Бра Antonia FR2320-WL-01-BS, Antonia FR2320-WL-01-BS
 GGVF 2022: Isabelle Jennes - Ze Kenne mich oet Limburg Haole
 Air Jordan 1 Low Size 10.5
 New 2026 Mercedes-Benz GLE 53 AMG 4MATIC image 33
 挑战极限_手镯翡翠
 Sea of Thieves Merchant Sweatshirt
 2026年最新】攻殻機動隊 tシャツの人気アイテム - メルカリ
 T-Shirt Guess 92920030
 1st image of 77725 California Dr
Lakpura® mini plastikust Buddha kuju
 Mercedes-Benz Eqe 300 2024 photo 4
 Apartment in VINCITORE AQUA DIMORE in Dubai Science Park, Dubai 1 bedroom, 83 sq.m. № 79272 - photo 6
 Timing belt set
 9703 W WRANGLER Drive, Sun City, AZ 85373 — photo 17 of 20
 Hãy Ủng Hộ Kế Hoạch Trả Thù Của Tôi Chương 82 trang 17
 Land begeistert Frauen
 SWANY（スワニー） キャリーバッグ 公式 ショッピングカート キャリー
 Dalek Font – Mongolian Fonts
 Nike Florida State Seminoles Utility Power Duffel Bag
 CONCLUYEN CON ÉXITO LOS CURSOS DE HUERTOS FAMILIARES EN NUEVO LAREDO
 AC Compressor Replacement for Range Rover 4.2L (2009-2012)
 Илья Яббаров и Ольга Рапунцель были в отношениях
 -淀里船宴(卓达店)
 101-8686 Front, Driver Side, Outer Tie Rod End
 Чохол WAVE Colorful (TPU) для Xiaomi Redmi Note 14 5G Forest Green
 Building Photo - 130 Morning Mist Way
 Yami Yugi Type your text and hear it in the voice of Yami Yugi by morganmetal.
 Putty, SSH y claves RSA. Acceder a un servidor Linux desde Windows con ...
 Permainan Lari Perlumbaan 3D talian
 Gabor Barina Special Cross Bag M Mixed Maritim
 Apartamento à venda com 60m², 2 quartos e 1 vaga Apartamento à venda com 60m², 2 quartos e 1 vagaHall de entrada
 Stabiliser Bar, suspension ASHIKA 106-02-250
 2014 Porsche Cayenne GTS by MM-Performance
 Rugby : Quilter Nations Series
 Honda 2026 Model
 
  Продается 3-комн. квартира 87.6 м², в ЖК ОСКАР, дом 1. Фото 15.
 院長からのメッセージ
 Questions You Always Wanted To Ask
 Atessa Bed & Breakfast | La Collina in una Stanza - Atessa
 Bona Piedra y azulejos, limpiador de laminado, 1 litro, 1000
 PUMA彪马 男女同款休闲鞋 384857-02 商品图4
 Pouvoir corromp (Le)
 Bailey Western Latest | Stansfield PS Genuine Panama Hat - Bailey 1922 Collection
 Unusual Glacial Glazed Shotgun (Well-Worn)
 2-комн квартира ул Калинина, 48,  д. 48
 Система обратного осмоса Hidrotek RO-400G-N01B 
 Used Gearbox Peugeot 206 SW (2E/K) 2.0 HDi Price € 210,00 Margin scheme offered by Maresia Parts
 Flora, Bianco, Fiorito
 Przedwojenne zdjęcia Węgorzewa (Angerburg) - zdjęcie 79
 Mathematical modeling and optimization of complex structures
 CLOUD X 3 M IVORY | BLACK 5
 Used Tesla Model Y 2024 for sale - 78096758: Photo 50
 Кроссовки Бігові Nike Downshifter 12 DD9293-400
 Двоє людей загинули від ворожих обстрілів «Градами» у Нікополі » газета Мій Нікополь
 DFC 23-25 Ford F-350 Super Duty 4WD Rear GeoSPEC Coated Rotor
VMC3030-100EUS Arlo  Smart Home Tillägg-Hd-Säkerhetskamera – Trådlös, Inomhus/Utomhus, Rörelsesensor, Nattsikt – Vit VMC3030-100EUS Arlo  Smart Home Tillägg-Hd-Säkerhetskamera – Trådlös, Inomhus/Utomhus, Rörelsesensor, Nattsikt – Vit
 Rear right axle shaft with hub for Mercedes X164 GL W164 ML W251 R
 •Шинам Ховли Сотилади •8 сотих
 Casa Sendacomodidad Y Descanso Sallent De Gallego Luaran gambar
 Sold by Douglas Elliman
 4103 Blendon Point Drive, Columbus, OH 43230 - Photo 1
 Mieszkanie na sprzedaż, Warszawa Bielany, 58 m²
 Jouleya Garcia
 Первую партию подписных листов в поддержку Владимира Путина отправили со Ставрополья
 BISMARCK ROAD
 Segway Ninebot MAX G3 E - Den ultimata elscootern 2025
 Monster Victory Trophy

================

*PROBLEM TO WORK ON*
Would you print exactly, and only, the lines of the data above from the line with "GGVF 2022: Isabelle" through the line with "Mercedes-Benz Eqe 300 2024 photo 4", inclusive?

*EXERCISE SOLUTION*
 GGVF 2022: Isabelle Jennes - Ze Kenne mich oet Limburg Haole
 Air Jordan 1 Low Size 10.5
 New 2026 Mercedes-Benz GLE 53 AMG 4MATIC image 33
 挑战极限_手镯翡翠
 Sea of Thieves Merchant Sweatshirt
 2026年最新】攻殻機動隊 tシャツの人気アイテム - メルカリ
 T-Shirt Guess 92920030
 1st image of 77725 California Dr
Lakpura® mini plastikust Buddha kuju
 Mercedes-Benz Eqe 300 2024 photo 4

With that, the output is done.